To calibrate the actual option prices with the results from the calculator, I used the following variables:
time= .24 of a year (about 85 days)
Risk-Free Interest Rate: .01
Option Strike Price: 1500
The result is 1.12, which is close enough to the actual value of 1.15 (this means 18 contracts are purchased instead of 17)
Unfortunately, Mark Spitznagel doesn’t say when it sells the puts (probably because that information is proprietary), but I will assume the puts are sold if the market falls at least 10%. If they are sold too soon, it defeats the purpose of having them as a hedging instrument. Wait too long and they may still expire worthless despite the market falling a lot.
To simulate the passage of 30 days, I plug time = .16 into the calculator. Recalculating yields .19, for a loss of $93 per contract, or about $1,700 total for the month for all 18 contracts. For an entire year, assuring the market is flat and doesn’t crash, the total loss is around $20,000, or about 10% of the portfolio. This means the tail hedging portfolio will lag the S&P 500 by about 10% a year provided the market doesn’t crash. Consider the period between Jan 2003 to Jan 2007, in which there were no 10% crashes and the S&P 500 gained 60% (excluding dividends). The tail hedging portfolio wold have only gained 5%, which is pretty bad.
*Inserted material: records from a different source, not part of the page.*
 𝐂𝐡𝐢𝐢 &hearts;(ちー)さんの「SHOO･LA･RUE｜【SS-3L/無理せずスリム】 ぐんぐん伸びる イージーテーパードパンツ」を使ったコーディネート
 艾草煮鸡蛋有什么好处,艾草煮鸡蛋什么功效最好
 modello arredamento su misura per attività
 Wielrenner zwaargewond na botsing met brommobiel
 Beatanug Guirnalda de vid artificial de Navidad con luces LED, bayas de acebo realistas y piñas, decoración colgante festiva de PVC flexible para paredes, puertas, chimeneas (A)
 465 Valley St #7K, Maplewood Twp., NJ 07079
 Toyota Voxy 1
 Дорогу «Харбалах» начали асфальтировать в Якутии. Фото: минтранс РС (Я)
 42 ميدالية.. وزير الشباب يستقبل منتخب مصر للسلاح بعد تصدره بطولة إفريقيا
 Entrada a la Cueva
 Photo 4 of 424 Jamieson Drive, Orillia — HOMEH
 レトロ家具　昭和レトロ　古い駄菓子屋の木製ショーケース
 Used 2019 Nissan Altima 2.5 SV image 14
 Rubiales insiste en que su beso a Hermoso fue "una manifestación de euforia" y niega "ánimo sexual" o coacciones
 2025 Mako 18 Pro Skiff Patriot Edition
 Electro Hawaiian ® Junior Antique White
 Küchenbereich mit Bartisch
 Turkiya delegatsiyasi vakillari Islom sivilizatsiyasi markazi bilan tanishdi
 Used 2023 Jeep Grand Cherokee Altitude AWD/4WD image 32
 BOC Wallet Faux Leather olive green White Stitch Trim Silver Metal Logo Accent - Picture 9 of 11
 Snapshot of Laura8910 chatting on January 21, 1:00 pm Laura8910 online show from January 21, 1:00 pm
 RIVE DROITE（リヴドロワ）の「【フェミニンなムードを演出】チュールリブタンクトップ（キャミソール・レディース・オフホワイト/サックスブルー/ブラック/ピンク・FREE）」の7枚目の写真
But what if the market crashes? Consider three recent sell-offs, denoted by (1),(2),(3), below:
Using historical option data simulated during the August 2015 crash, in which the S&P 500 fell 10% in a two-week period (1), the gains would have been anywhere from 30-50x, depending on the choice of strike per the method above. That means, assuming you sold the puts at the best price when the market was exactly down 10%, the $2,000 would have become $80,000. That makes up for four losing years. Again, that’s assuming you sell at the best time and price and don’t wait any longer, as the puts did eventually expire worthless.
I used Think or Swim to get the old put option data on SPY (an ETF proxy for S&P 500 that is 1/10 the value) before and after the August 2015 crash, as per the instruction above. As you can see, some of these tiny options gained 40x, so under some circumstances the potential profits are huge:
Sounds pretty good. So it must have worked equally well in Jan 2016 (2) when the market also fell 10%?
(here I’m using the SPX contract, which is 10x SPY)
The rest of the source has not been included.